■ **WORK TO BE COMPLETED**:
The output should contain the listing word for word and no pictures.

■ **INFORMATION SHOWN**:
* * * * * * *
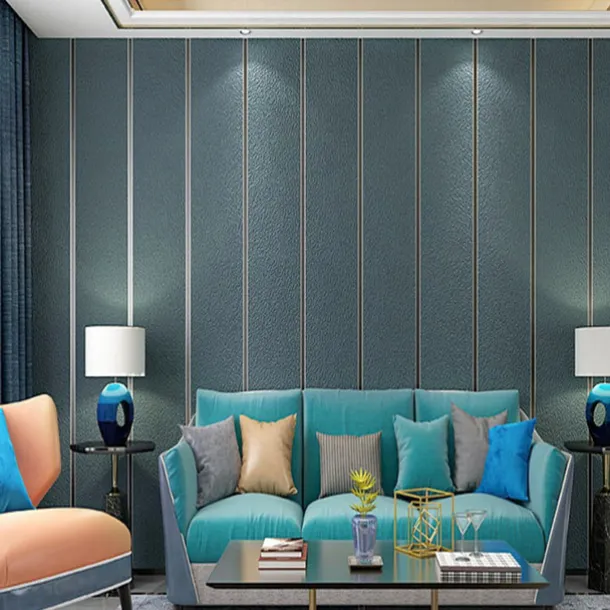 Cool Wallpapers Wall Mural Modern 3D Thick Non-woven Imitation Deerskin Velvet Wallpaper Roll Non-self-adhesive Vertical Striped for Bedroom Living Room TV Background 1.73'(0.53m) x 32.8'(10m)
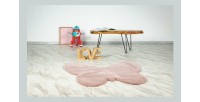 Tapis enfant 100x100, design E005S coloris rose poudré - Confort et élégance pour votre intérieur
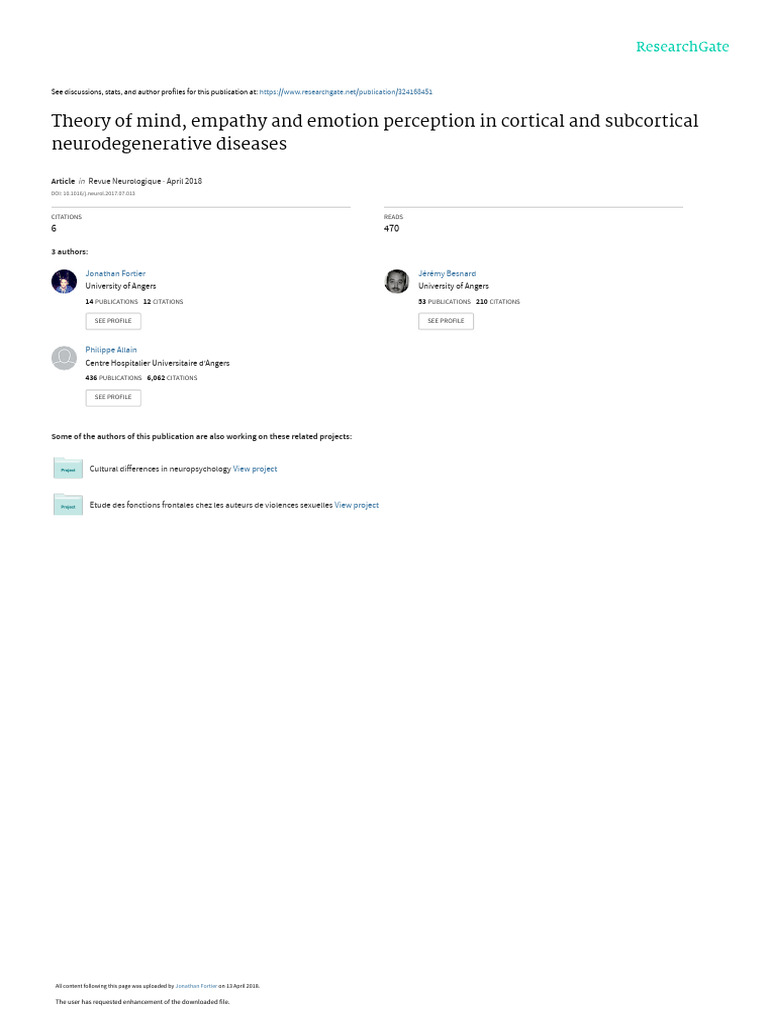 Theory of mind, empathy and emotion perception in cortical and ...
* * * * * * *
■ **ANSWER BELOW**:
 Cool Wallpapers Wall Mural Modern 3D Thick Non-woven Imitation Deerskin Velvet Wallpaper Roll Non-self-adhesive Vertical Striped for Bedroom Living Room TV Background 1.73'(0.53m) x 32.8'(10m)
 Tapis enfant 100x100, design E005S coloris rose poudré - Confort et élégance pour votre intérieur
 Theory of mind, empathy and emotion perception in cortical and ...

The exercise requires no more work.